Read about my experience with three different curbside composting programs across three cities!
Curbside Composting vs. Backyard Composting
Curbside composting programs normally process their collected material in an industrial facility. Unlike backyard composting, these industrial facilities can regulate the temperature (to hot, hot, hot!) to break down the compost quicker. They also have large machines that optimally rotate and turn the compost to provide sufficient aeration.
These industrial facilities therefore turn food scraps into soil in a much shorter time line and can handle a large quantity of material (like from an entire city). Processing that much organic material into soil using traditional backyard composting techniques would simply require too much space and too much time to make it feasible.
The Benefits of Curbside Composting
When the city offers a curbside composting system, it creates a sense of "normalcy" around composting in general. What once might have been considered something only hippies or eco-conscious people do, it now is engrained in the soul of the city itself.
You don't have to identify as an environmentalist or Democrat or progressive or zero waste or whatever to participate in the composting program. It just IS what residents do.
Making Composting More Accessible
Although there are other ways of composting if you don't have a backyard, some of them are going to be more time intensive to set up and potentially cost some to maintain. Having a curbside composting program increases accessibility, especially for people in group housing and apartments that might not otherwise have the space to set up a worm bin inside or a backyard compost pile.
It also reduces the time it takes to actually compost. People don't have to worry about turning the pile or keeping pests away as there is no maintenance required on the city wide bins. That savings in time can benefit a lot of people!
And since the setup isn't permanent, people that may move frequently can easily access composting from one place to another, without worrying about losing any compost bins that setup.
Reducing Residential Landfill Bound Waste
Did you know that ~40% of our landfilled waste is organic material in the U.S.? And 22% of landfilled waste is just food alone! Implementing comprehensive composting programs gives us the opportunity to reduce our landfill trash by almost half - increasing the lifespan of a landfill and requiring less space!
Making Composting for Businesses Possible
Businesses have often found barriers to composting as there is not usually space to process the large quantity of food waste left on plates at restaurants. Large office spaces may not want to participate in worm bin composting either for the "aesthetic".
Providing a curbside option for these companies allows greater implementation of composting practices outside of just residents. When restaurants can easily pop their food scraps into a curbside bin at the end of the shift, composting doesn't seem like quite as big of a burden.
The Cost of Curbside Bins
It also must be acknowledged that many curbside composting programs come at an extra cost to residents and businesses. However, there are some exceptions! In Portland, Oregon the cost of a compost bin is included in the cost of the garbage and recycling fee so it's all inclusive.

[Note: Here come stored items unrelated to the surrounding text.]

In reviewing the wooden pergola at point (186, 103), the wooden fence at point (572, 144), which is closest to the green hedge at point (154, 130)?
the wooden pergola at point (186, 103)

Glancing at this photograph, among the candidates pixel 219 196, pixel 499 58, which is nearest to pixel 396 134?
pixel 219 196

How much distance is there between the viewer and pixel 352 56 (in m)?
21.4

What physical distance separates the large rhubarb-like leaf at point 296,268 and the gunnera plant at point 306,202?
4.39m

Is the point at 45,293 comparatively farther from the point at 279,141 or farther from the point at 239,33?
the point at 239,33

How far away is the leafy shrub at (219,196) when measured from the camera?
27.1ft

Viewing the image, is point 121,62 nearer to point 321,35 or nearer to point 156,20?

Generally speaking though the cost of a residential bin typically runs $9-$13 a month. Although to some this is an insignificant amount, others may find this cost a total barrier to participating in the program.
More Incorrectly Sorted Compost
The other potential downside to such widespread composting programs is that more people make mistakes in sorting their compost. When composting bins are on ever corner and in every household, contamination is going to be higher. If you don't have to opt-in to a special composting program, it's less likely you'll do a lot of research before tossing a questionable item into the bin.
Plastic bags, for example, are used to collection trash and frequently used to collect wet food scrapes. Industrial compost facilities can't accept plastic bags however because, well, they're plastic. Residents need to either dump their compost straight into the bin without a bag or purchase certified compostable bags to use in the kitchen.
If you participate in a composting program, make sure to look up the specific rules around what can and cannot be placed in your bin. Unfortunately there is no standard and some companies will accept things that others will not.
Does my city have curbside composting?
Unfortunately there is no massive database to tell you whether or not your city has a curbside composting program. The easiest way to figure it out is to do a quick internet search with the simple question "Does [city name] have curbside composting?".
If you don't have curbside composting, don't despair! There are still ways for you to compost at home using more traditional methods such as backyard composting, worm bins, and bokashi systems. You can also bring the idea to your city council to see if there is enough interest in setting up a new program city wide!